(YOUR TASK): With the pictures omitted, transcribe each line below exactly as it is.

****

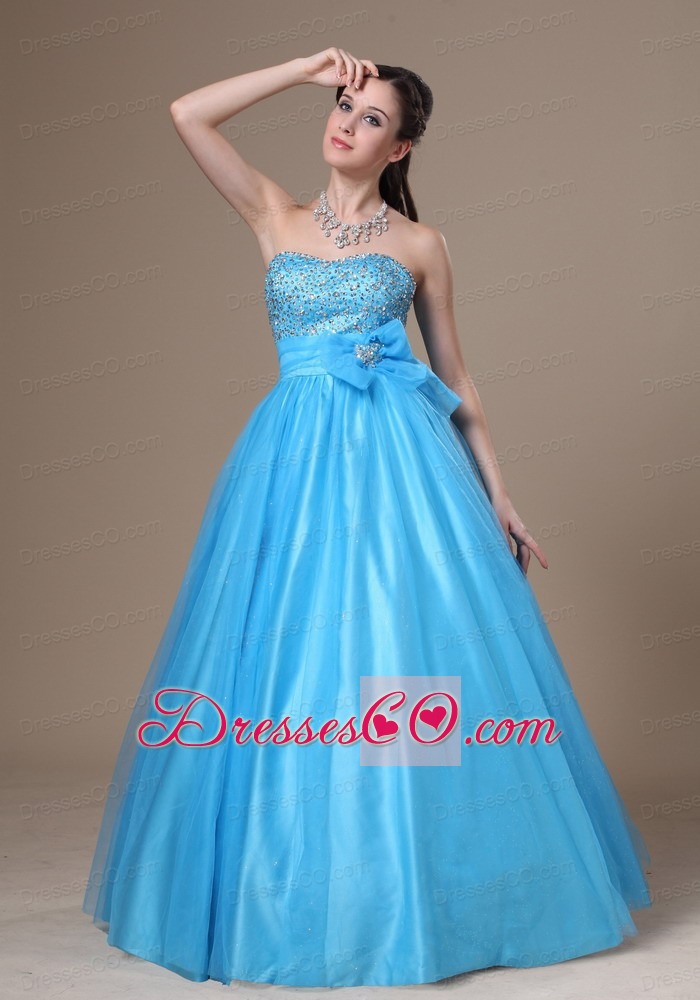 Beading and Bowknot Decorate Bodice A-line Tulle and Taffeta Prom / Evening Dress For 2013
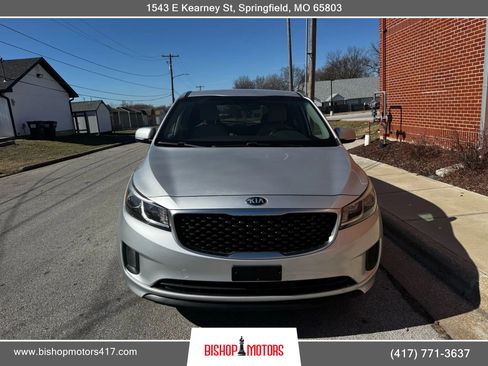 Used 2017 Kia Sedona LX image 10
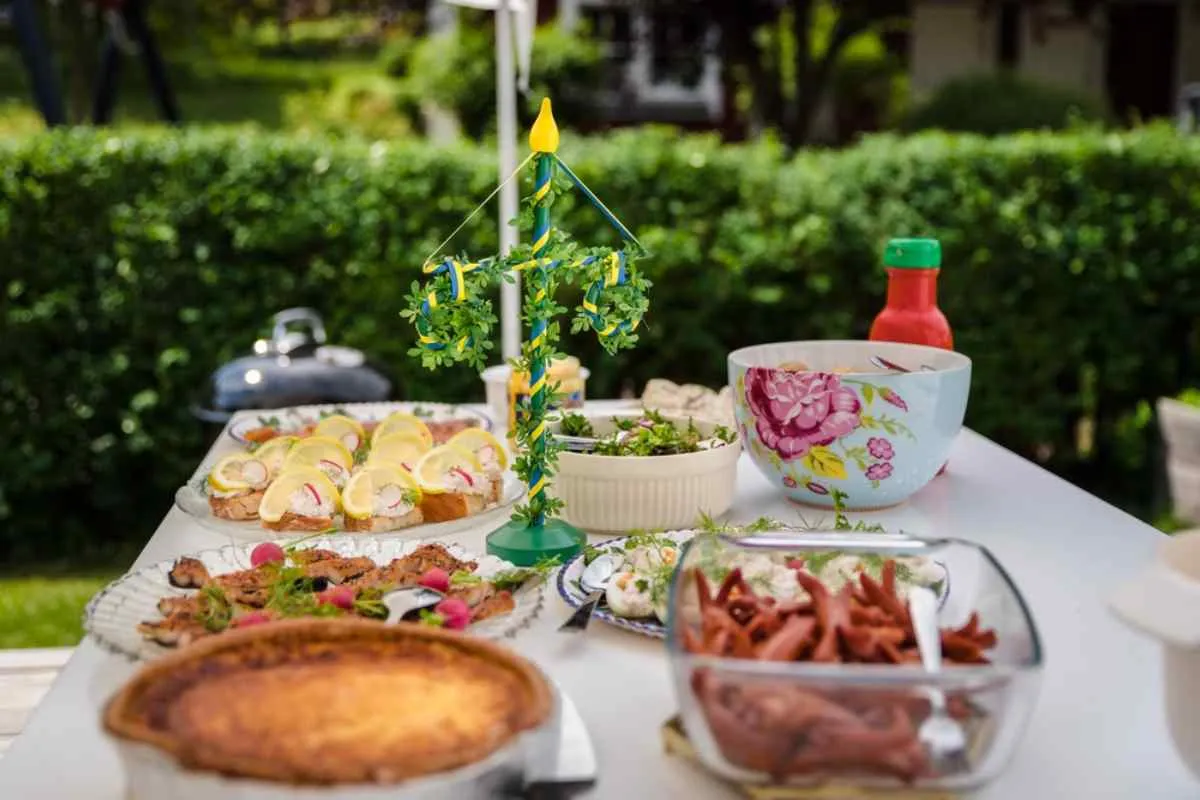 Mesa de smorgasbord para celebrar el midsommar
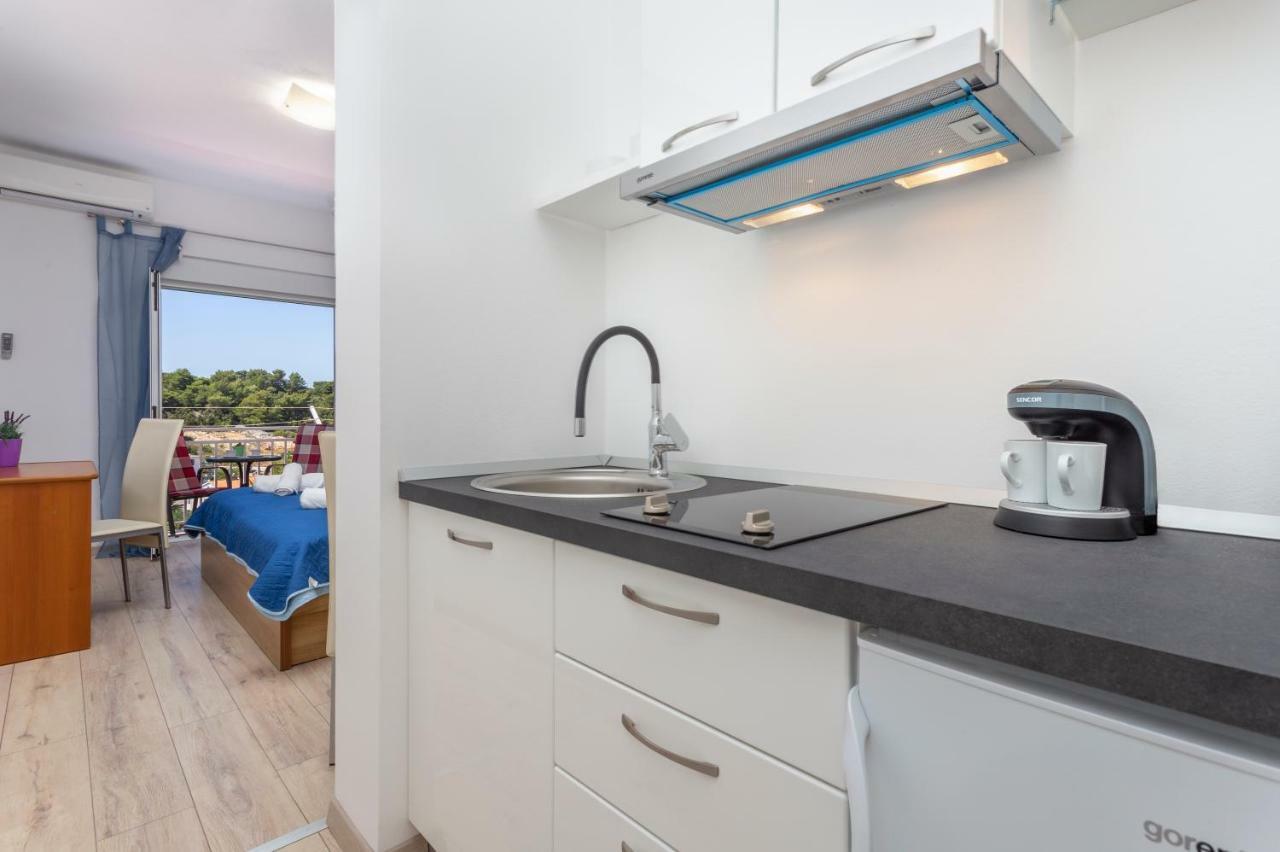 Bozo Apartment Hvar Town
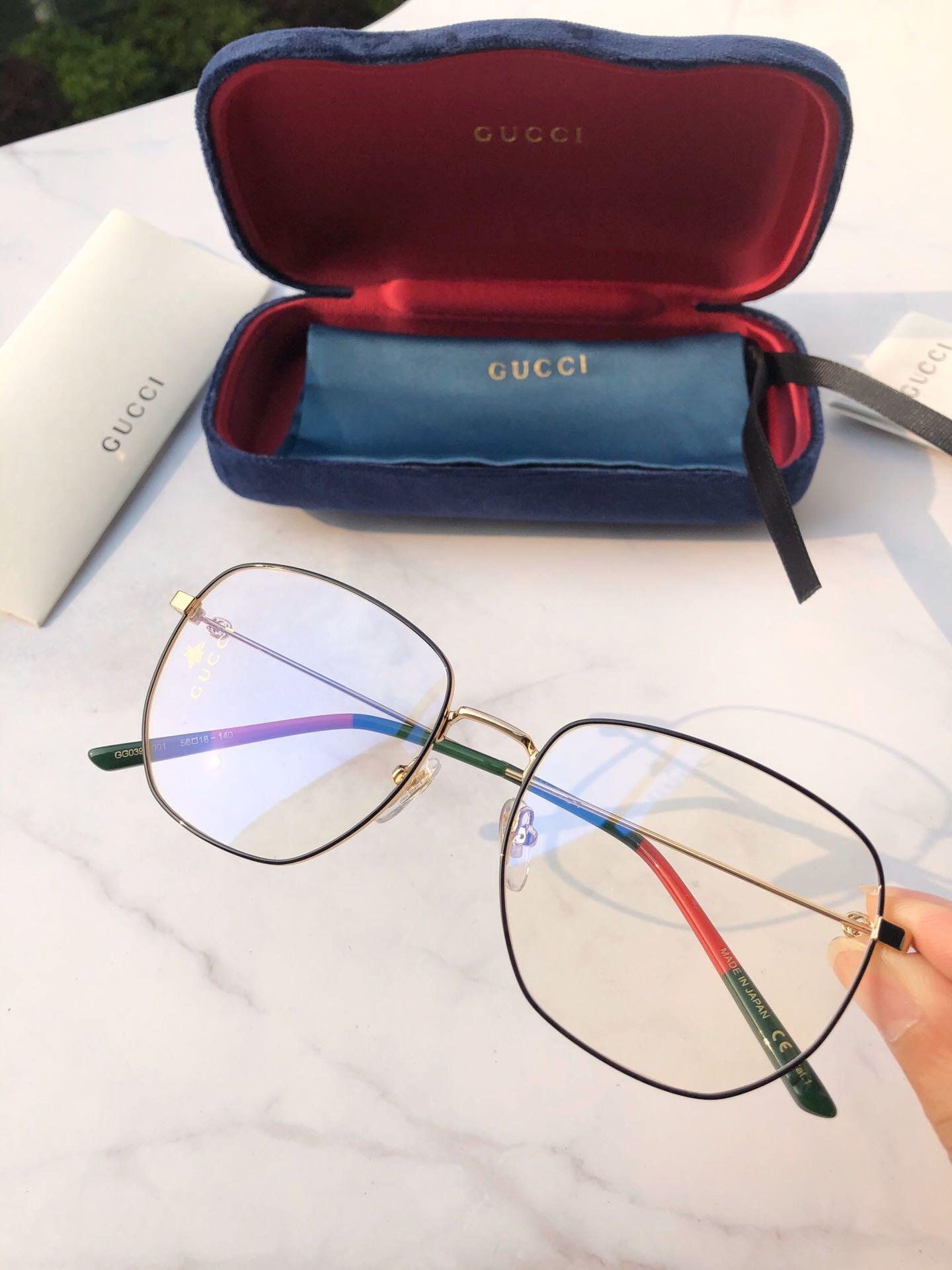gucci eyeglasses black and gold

****

(RESPONSE):
 Beading and Bowknot Decorate Bodice A-line Tulle and Taffeta Prom / Evening Dress For 2013
 Used 2017 Kia Sedona LX image 10
 Mesa de smorgasbord para celebrar el midsommar
 Bozo Apartment Hvar Town
gucci eyeglasses black and gold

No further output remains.